[openstack-dev] [all] how to send messages (and events) to our users

Clint Byrum clint at fewbar.com
Wed Apr 8 16:15:03 UTC 2015


Excerpts from Angus Salkeld's message of 2015-04-06 19:55:37 -0700:
> Hi all
> 
> For quite some time we (Heat team) have wanted to be able to send messages
> to our
> users (by user I do not mean the Operator, but the User that is interacting
> with the client).
> 
> What do I mean by "user messages", and how do they differ from our current
> log messages
> and notifications?
> - Our current logs are for the operator and have information that the user
> should not have
>   (ip addresses, hostnames, configuration options, other tenant info etc..)
> - Our notifications (that Ceilometer uses) *could* be used, but I am not
> sure if it quite fits.
>   (they seem a bit heavy weight for a log message and aimed at higher level
> events)
> 
> These messages could be (based on Heat's use case):
> 
> - Specific user oriented log messages (distinct from our normal operator
> logs)

These currently go in the Heat events API, yes?

> - Deprecation messages (if they are using old resource properties/template
> features)

I think this could fit with the bits above.

> - Progress and resource state changes (an application doesn't want to poll
> an api for a state change)

These also go in the current Heat events.

> - Automated actions (autoscaling events, time based actions)

As do these?

> - Potentially integrated server logs (from in guest agents)
> 
> I wanted to raise this to "[all]" as it would be great to have a general
> solution that
> all projects can make use of.
> 
> What do we have now:
> - The user can not get any kind of log message from services. The closest
> thing
>   ATM is the notifications in Ceilometer, but I have the feeling that these
> have a different aim.
> - nova console log
> - Heat has a DB "event" table for users (we have long wanted to get rid of
> this)

So if we forget the DB part of it, the API is also lacking things like
pagination and search that one would want in an event/logging API.

> 
> What do other clouds provide:
> - https://devcenter.heroku.com/articles/logging
> - https://cloud.google.com/logging/docs/
> - https://aws.amazon.com/blogs/aws/cloudwatch-log-service/
> - http://aws.amazon.com/cloudtrail/
> (other examples...)
> 
> What are some options we could investigate:
> 1. remote syslog
>     The user provides a rsyslog server IP/port and we send their messages
> to that.
>     [pros] simple, and the user could also send their server's log messages
> to the same
>               rsyslog - great visibility into what is going on.
> 
>               There are great tools like loggly/logstash/papertrailapp that
> source logs from remote syslog
>               It leaves the user in control of what tools they get to use.
> 
>     [cons] Would we become a spam agent (just sending traffic to an
> IP/Port) - I guess that's how remote syslog
>                works. I am not sure if this is an issue or not?
> 
>               This might be a lesser solution for the use case of "an
> application doesn't want to poll an api for a state change"
> 
>               I am not sure how we would integrate this with horizon.
> 

I think this one puts too much burden on the user to setup a good
receiver.

> 2. Zaqar
>     We send the messages to a queue in Zaqar.
>     [pros] multi tenant OpenStack project for messaging!
> 
>     [cons] I don't think Zaqar is installed in most installations (tho'
> please correct me here if this
>                is wrong). I know Mirantis does not currently support Zaqar,
> so that would be a problem for me.
> 
>               There is not the level of external tooling like in option "1"
> (logstash and friends)
>

I agree with your con, and would also add that after the long
discussions we had in the past we had some concerns about scaling.

> 3. Other options:
>    Please chip in with suggestions/links!
> 

There's this:

https://wiki.openstack.org/wiki/Cue

I think that could be a bit like 1, but provide the user with an easy
target for the messages.

I also want to point out that what I'd actually rather see is that all
of the services provide functionality like this. Users would be served
by having an event stream from Nova telling them when their instances
are active, deleted, stopped, started, error, etc.

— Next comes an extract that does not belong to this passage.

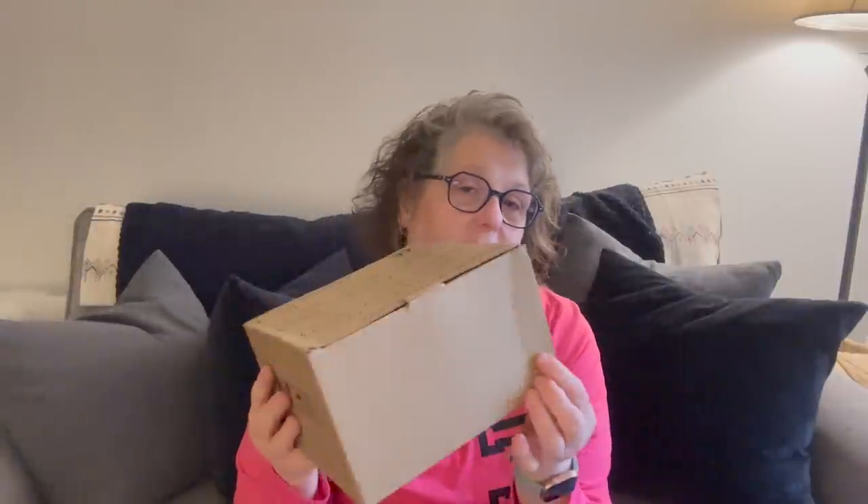It does have a cord. It all comes apart to clean. So I got him a cat waterer — it comes in a box like this. One thing I will tell you: some of the boxes do come a little bent up, so if you're buying for gifts, just be aware of that. The product itself is perfectly fine.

Also, I really liked Sandy's suggestion to use the notifications on the
backend, and then funnel them into something that the user can consume.
The project they have, yagi, for putting them into atom feeds is pretty
interesting. If we could give people a simple API that says "subscribe
to Nova/Cinder/Heat/etc. notifications for instance X, and put them
in an atom feed", that seems like something that would make sense as
an under-the-cloud service that would be relatively low cost and would
ultimately reduce load on API servers.